**Given data**:
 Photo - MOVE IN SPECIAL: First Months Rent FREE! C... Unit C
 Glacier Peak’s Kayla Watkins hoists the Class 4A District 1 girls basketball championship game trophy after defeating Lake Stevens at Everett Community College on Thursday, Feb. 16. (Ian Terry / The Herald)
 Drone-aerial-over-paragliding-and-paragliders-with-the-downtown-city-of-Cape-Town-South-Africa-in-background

**What to do**: Write out again exactly the lines that run from the one holding "Glacier Peak’s Kayla" through the last line of the data; omit all other lines.

**Solution**:
 Glacier Peak’s Kayla Watkins hoists the Class 4A District 1 girls basketball championship game trophy after defeating Lake Stevens at Everett Community College on Thursday, Feb. 16. (Ian Terry / The Herald)
 Drone-aerial-over-paragliding-and-paragliders-with-the-downtown-city-of-Cape-Town-South-Africa-in-background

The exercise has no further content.